Les p’tit boulots

 

Au travail, quand je décroche mon téléphone, à chaque fois que je passe par un standard téléphonique, mon cœur se serre. Je demande le plus distinctement à l’hôtesse de me passer la personne que je désire. Je répète mon nom, ne paraît pas pressée, même si l’info est urgente. Contrairement à d’autres journalistes, qui soufflent, tempêtent ou raccrochent au nez quand l’attente est trop longue, je suis une crème.  Idem pour l’hôtesse d’accueil en bas de l’entreprise, à qui je souris et j’envoie un bonjour sonore tous les matins. Idem pour la caissière de la biocoop que j’essaye de faire rire, même si je vois bien qu’elle a peur de faire une fausse manip’ en rendant la monnaie. Je suis gentille et compréhensive avec tous ces gens-là pour une raison bien précise, connue de moi seule : j’étais à leur place il y a un peu plus d’un an. Sortie de l’école, j’ai compris que le monde du travail ne m’attendait pas à bras ouverts. Je me suis fait des sueurs froides pour payer le loyer et l’analyse entre deux piges. J’ai enchaîné des petits boulots où j’étais à la fois inefficace, mauvaise et malheureuse. J’en garde un souvenir - non pas nostalgique- mais bien amer. Que d’énergie et d’enthousiasme gâché ! Les heures à ranger les rayons froids, à rester debout, à faire la caisse après la journée, à se faire exploiter, à remplacer des postes « cédéisables », à être méprisée continuent à me faire froid dans le dos en y repensant.
Chaque matin, je passe la porte de l’entreprise en étant heureuse.
Un vrai bonheur, puissant profond, qui est encore décuplé parce que je réalise, à chaque instant, la chance que j’ai. D’être là, et de faire ce boulot-là, que j’aime. Bien sûr, il a fallu toutes ces années, ces errances et ces impasses pour connaître et accepter les sujets qui m’animaient vraiment et prendre ma place dans cette société. Mais il y a eu la chance aussi, et des rencontres, qui ont fait que je suis là aujourd’hui. Et je frémis parfois en pensant à ce que j’aurais pu faire ce jour-là, où j’ai reçu ce mail, que j’aurais pu classer sans suite, pensant que je n’étais pas faite pour ça. Et j’aurais continué, avec entêtement, mes petits boulots et mes piges qui ne me satisfaisaient pas plus. Alors mon cœur se serre et je remercie un fois de plus l’hôtesse au téléphone, en espérant, mais comment en être sûre ? En espérant ne plus avoir à refaire ces petits boulots là.

Commentaires

1. Le vendredi, 30 octobre 2009, 10:47 par Akynou

La cauchemar est fini, tu vas pouvoir souffler. Et le fait que tu sois arrivée là n'a rien d'un miracle ni d'un coup de chance : c'est parce que tu as bossé dur et que tu as fait ce qu'il fallait pour. J'avais des copines québécoises qui disaient toujours qu'on était BBFC : bonne, belle, fine, capable :-) Une manière de lutter contre la dépréciation de soi. J'ajoute que tout ce que par quoi tu es passée, est un plus dans ton métier. Contrairement à ce que peuvent penser certains qui trouvent que ta nomination est bien rapide pour une fraîche arrivée, tu n'es pas une débutante. Tu as vécu des choses qui t'ont enrichi professionnellement, qui t'ont donné ce petit plus qui fait que tu es toi, une personne remarquable. Et que tu as une expérience de l'entreprise, certes atypique (encore que) mais réelle, un plus dans le monde du travail.
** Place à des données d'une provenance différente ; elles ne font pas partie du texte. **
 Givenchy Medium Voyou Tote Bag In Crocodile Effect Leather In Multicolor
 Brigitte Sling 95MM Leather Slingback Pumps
Cela dit, j'essaie toujours d'être poli avec toutes les personnes dont tu parles, avec le chauffeur de bus à qui je dis toujours bonjour, les standartistes, les personnes derrière les guichets. Pas parce que j'ai été à leur place. Mais parce que ce sont des personnes, des êtres humains et puis que que ça ne me coute rien mais que ça rend la vie plus douce (sauf que parfois, je pique des colères noires, et que là il m'arrive d'être odieuse…)Et j'essaie d'apprendre à mes filles de faire la même chose.
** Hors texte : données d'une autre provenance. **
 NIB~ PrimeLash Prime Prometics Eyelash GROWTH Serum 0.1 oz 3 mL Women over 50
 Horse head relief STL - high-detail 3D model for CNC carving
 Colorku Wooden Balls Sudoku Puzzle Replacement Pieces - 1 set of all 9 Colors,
2. Le vendredi, 30 octobre 2009, 16:08 par Marloute

Akynou : Merci pour tes mots! Je suis d'accord avec toi, bien sûr qu'on est toujours poli avec tout le monde et je ne suis vraiment pas le genre de personne qui pourrait malmener qui que ce soit.
Mais c'est vrai que j'entretiens un rapport particulier avec les boulots que j'ai pu connaître, et que je suis encore plus attentive et soucieuse d'être vraiment, vraiment gentille. C'est un peu bizarre non?